Un sospetto nuovo caso della misteriosa «sindrome dell’Avana» avrebbe ritardato la visita del vicepresidente degli Stati Uniti, Kamala Harris, in Vietnam, stando a quanto riporta ABC News.

 

Un comunicato dell’ambasciata statunitense ad Hanoi parla un «incidente sanitario anomalo». Secondo ABC, si tratterebbe del primo incidente di questo genere che coinvolge un alto dirigente della superpotenza.

 

Non è possibile avere conferma diretta che l’incidente abbia legami diretti con altri misteriosi sintomi sperimentati da molti altri funzionari statunitensi negli ultimi due anni. 

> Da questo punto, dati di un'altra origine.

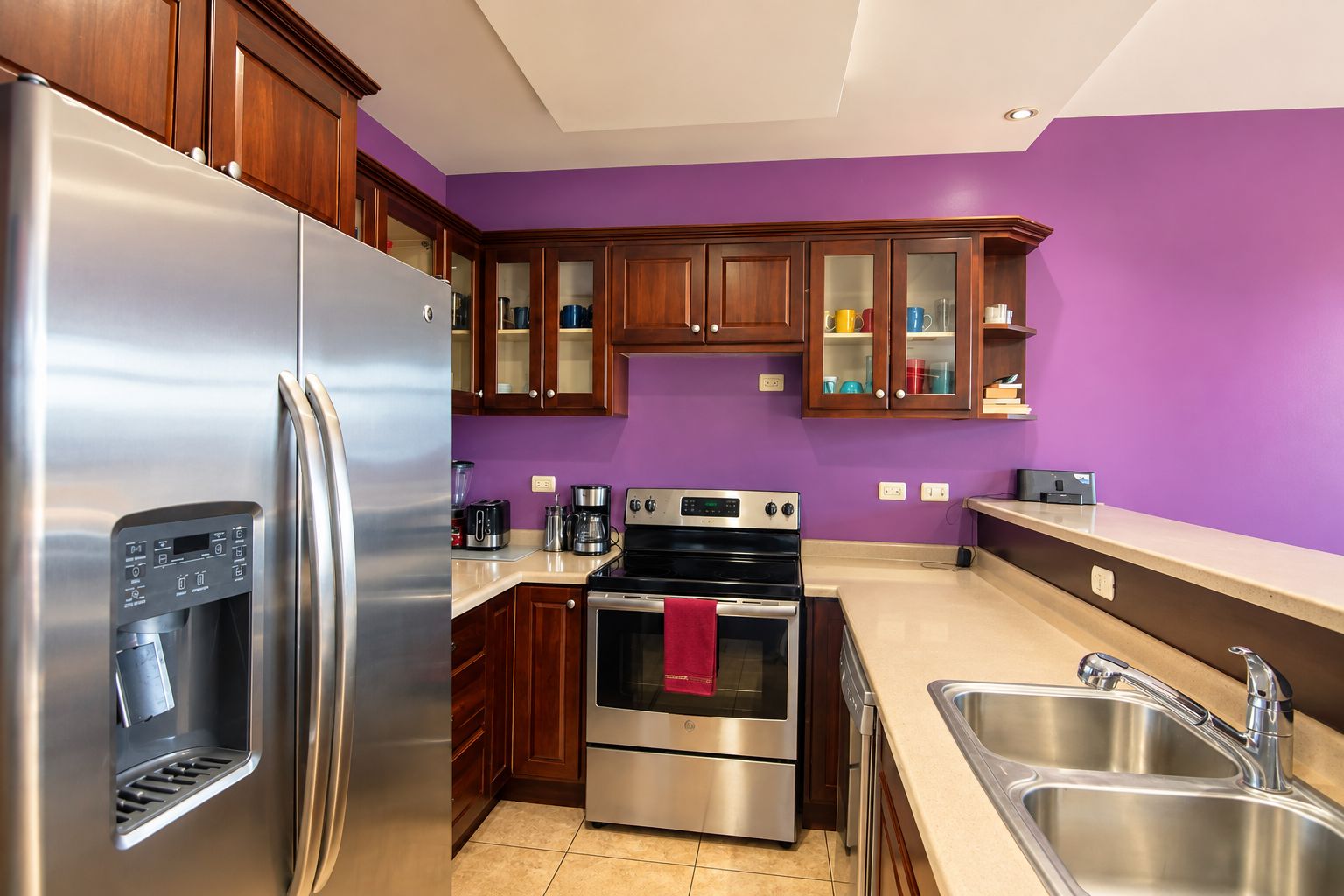 Une cuisine moderne dotée d’appareils électroménagers en acier inoxydable, de meubles en bois et d’un mur peint en violet.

Il sospetto non è trattato come roba da complottisti

 

Tuttavia, il sospetto – essendoci il potenziale argomento che siano coinvolti i nemici degli USA come la Russia – non è trattato come roba da complottisti.

 

La sindrome dell’Avana è un insieme di  sintomi medici riportati a Cuba a fine 2016 dal personale dell’ambasciata degli Stati Uniti e dell’ambasciata del Canada. Essi sono apparsi successivamente in alcuni altri Paesi, inclusi l’Austria , la Germania e gli stessi USA. Nel 2021, l’amministrazione Biden ha iniziato a chiamarli «incidenti sanitari inspiegabili» o UHI.

 

I funzionari statunitensi stanno indagando su 130 possibili casi UHI. La causa tuttavia è ancora da trovare.

 

I funzionari statunitensi stanno indagando su 130 possibili casi UHI. La causa tuttavia è ancora da trovare

Le agenzie federali hanno annunciato all’inizio di quest’anno che stavano indagando su almeno due possibili incidenti di «attacco ad energia diretta» sul suolo statunitense, uno dei quali sarebbe avvenuto proprio vicino alla Casa Bianca. La CIA e il Pentagono e altre agenzie USA, stanno pure indagando sul misterioso morbo.

 

Nella sindrome dell’Havana, le vittime riferiscono di soffrire di nausea e stanchezza. Alcuni hanno persino sperimentato la perdita dell’udito dopo aver sentito suoni stridenti estremamente forti.

 

Questi strani episodi hanno portato alcuni a credere che gli avversari degli Stati Uniti stessero usando armi soniche o addirittura a microonde, ma non c’è ancora alcuna prova definitiva di tutto ciò.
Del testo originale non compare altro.